A coups de communiqués grinçants et de propos menaçants, Farba Senghor menait, ces derniers mois, une guerre ouverte contre la presse insoumise. Après les leçons de journalisme et les appels au boycott des journaux, il a, le 14 août, publiquement revendiqué « le droit de riposter », de manière appropriée, à ce qu’il considère comme la violence d’une certaine presse. Quarante-huit heures plus tard, les sièges de deux journaux étaient mystérieusement attaqués par des individus qui ont arrosé les occupants de gaz lacrymogène et détruit leur outil de travail. C’est pour le moins troublant !

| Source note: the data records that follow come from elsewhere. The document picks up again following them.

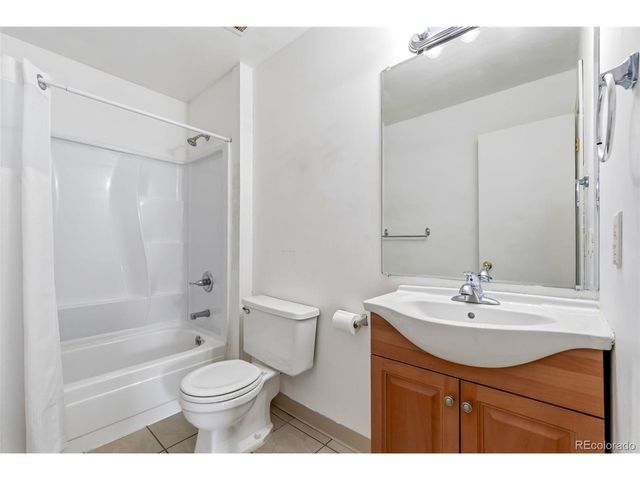 2205 Lincoln St, Longmont, CO 80501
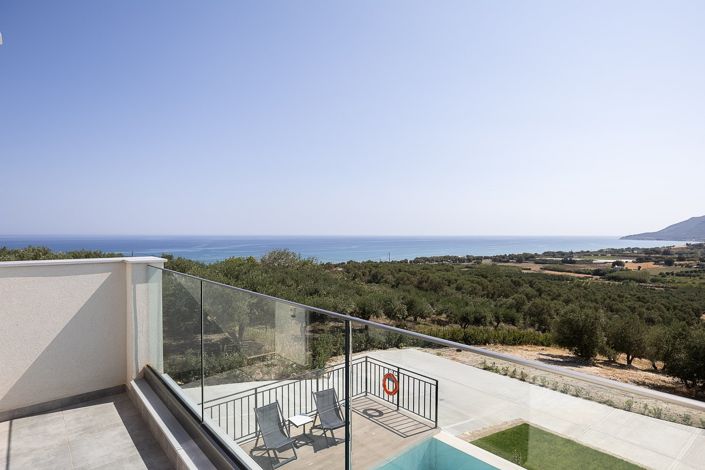 Image No.16-5 Bed House for sale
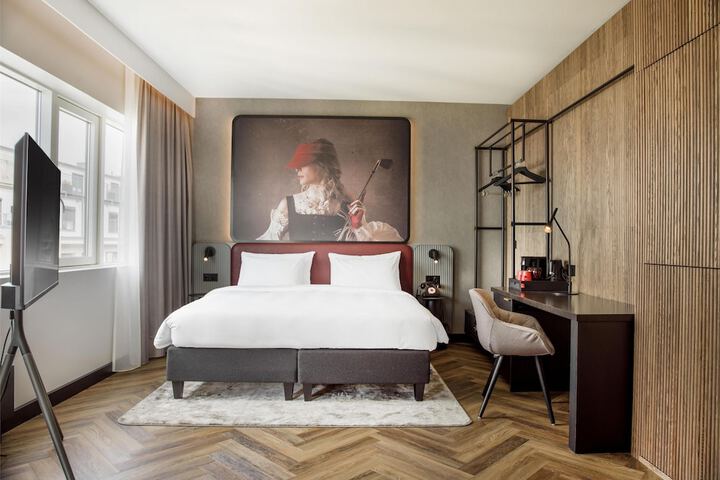 Room 18 of 50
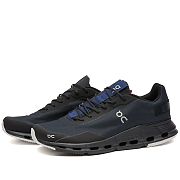 on clon cloudnova form black - 3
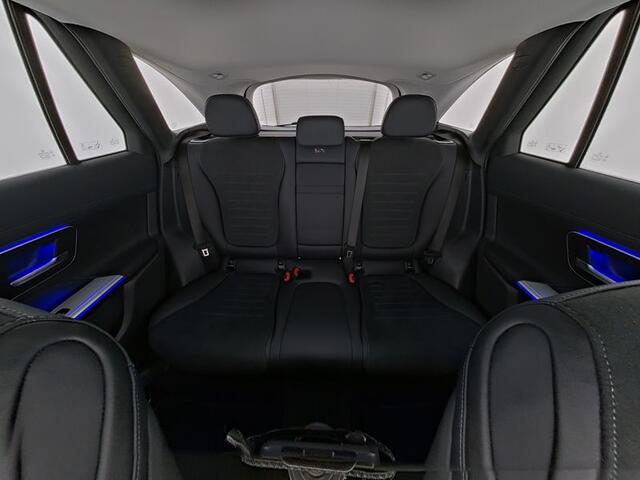 Mercedes-Benz GLC-KLASSE 300 e 4MATIC AMG Plug-In Hybride AMG Line Premium | Night Pakket | Trekhaak | Distronic | Advanced Soundsystem | Digilal Licht | Memory voorstoelen. Inclusief 24 maanden Mercedes-Benz Certified garantie voor Europa.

A force de se mêler de tout en se réclamant urbi et orbi du soutien du président et de sa famille, Farba Senghor était parvenu à se faire craindre de beaucoup, y compris de ses collègues ministres, agacés par ce qu’ils appellent, en privé, les « farberies ».
Il faut croire que le chef de l’Etat lui-même a fini par trouver trop encombrant cet homme qui se présente comme « un pur produit de l’Ecole Abdoulaye Wade », diplômé, accessoirement, de l’Ecole nationale d’administration de Rome. Les tracasseries à l’égard des confrères sénégalais ne prennent pas pour autant fin avec le limogeage de Farba Senghor, puisque, dès le lendemain, l’un des leurs était interpellé et placé en garde à vue pour avoir révélé une affaire de blanchiment d’argent en Côte d’Ivoire, impliquant, dit-on, le président Wade et son fils, Karim.
Cette propension à priver de liberté les journalistes qui publient des informations qui ne plaisent pas jette le trouble dans les esprits. Car l’on ne sait plus si c’est l’information qui est erronée, ou si c’est le fait de la révéler, qui constitue le délit. On n’est pas si loin de ce qui se passe au Niger, avec notre confrère Moussa Kaka. Au regard de ce qu’il subit, on en vient à se demander si le fait, pour le journaliste, de donner la parole aux rebelles n’est pas perçu par certains comme un crime bien plus abominable que la rébellion elle-même.
C’est là une conception bien particulière du rôle du journaliste, qui n’est, hélas, ni nouvelle ni propre aux seuls Niger et Sénégal ! Il y a une vingtaine d’années, Plantu, dont les coups de crayon sont de véritables éditoriaux à la Une du quotidien Le Monde, exprimait ainsi cette anormalité : à un poste-frontière, trois gaillards présentent leurs passeports. « Profession ? », leur demande le fonctionnaire de police. « Trafiquant de drogue ! », « faux-monnayeur ! », « trafiquant d’armes ! », répondent-ils, l’un après l’autre. Et le policier, nullement impressionné, de rétorquer : « Tout ça, moi, je veux bien. Mais qu’est-ce qui me prouve que vous n’êtes pas journalistes ? ».